Green Lantern #177 - A Review

Written by: Ron Marz
Penciled by: Luke Ross
Inked by: Rodney Ramos
Colored by: Moose Baumann
Lettered by: Jared K. Fletcher
Editor: Peter Tomasi
Publisher: DC Comics

The last time I reviewed Green Lantern, my final thought was a hope that this book would maintain the same level of quality and attention to the details of the past which were such a strength of the Raab run on this title. With all due respect to Mr. Raab, Marz has not only upheld that level of quality: he has surpassed it and reminded me of what got me to reading Green Lantern in the first place.

After narrowly escaping a death ordered by the Guardians “to maintain a balance”, Kyle Rayner has returned home after a year in space where he was trying to reform The Green Lantern Corps with what can only be called a certain amount of success. Sadly, the homecoming has been anything but warm so far, with Kyle finding his girlfriend (the super-heroine Jade) is now seeing another man and that his position in the Justice League has been well-maintained by his chosen replacement, John Stewart. Now, Kyle is struggling to find a place for himself in a world where everything he thought he was coming back to is gone, trying to find an answer to the ultimate question: Why am I here and what do I have to live for?

Kyle gets little time for self-introspection, though. Long-time enemy Sonar shows up, sparking another fight and an internal monologue where Kyle wonders why HE always has to be the one to fight such a relative lightweight villain. And then Jade shows up, wanting to talk about where things stand: a talk that Kyle enjoys only slightly less than the prospect of having to beat up Sonar AGAIN. And in the background, a mysterious figure arranges for the mass-murdering, Green Lantern hating Fatality to be released from prison on one condition: kill Kyle Rayner.

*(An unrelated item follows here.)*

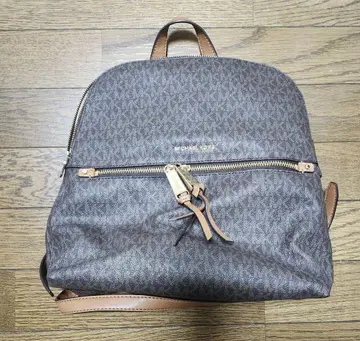 Michael Kors 그레이 백팩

Marz peppers this story with references to stories past for long-time readers, without ever making things in accessible to newer readers. In the last issue, for example, Kyle came home to hear someone in the shower. He recalled how he first met Jade when she broke into his apartment to use his shower and was expecting it to be then girlfriend Donna Troy. The joke is repeated, with Kyle finding Jade’s new boyfriend in the shower instead of her. Marz also manages to neatly explain way different artists renderings of Sonar, explaining that the reason Sonar’s machine components look different every time Kyle fights him is because he is always upgrading his equipment. And I may be one of the few people in the world who will recognize “Norman”, the head of security at The Slab as the former assistant to Mister Miracle in his quick cameo, but it is a nice Easter Egg for those of us in the know.

The art is excellent, with the comic looking downright cinematic at some points. Rodney Ramos does a good job with shadows and shading, particularly in the opening scenes with Fatality being escorted out of prison and into the waiting vehicle with the shadowy figure. Ross’s pencils are crisp and clear, highly detailed without feeling cluttered. And he meets the measure by which all Green Lantern pencilers are judged and draws some darned impressive ring projections including a giant Chinese dragon, a fighting gorilla. Perhaps most impressive is the dragon-shaped subway train, in which Kyle makes his grand entrance to battle Sonar.

Overall, the book is in good, well-practiced hands. My only complaint, and this has nothing to do with the book itself, is that I’m going to have to spend the next year listening to the Kyle haters chuckle and snort about how the end is near and death is certain. Never mind that Ron Marz said Kyle doesn’t die in this story. Geoff Johns said Kyle isn’t going to die in “Rebirth”.

Still, I suppose the HEATers and the trolls can have their fun. I’ll just satisfy myself with reading a good book.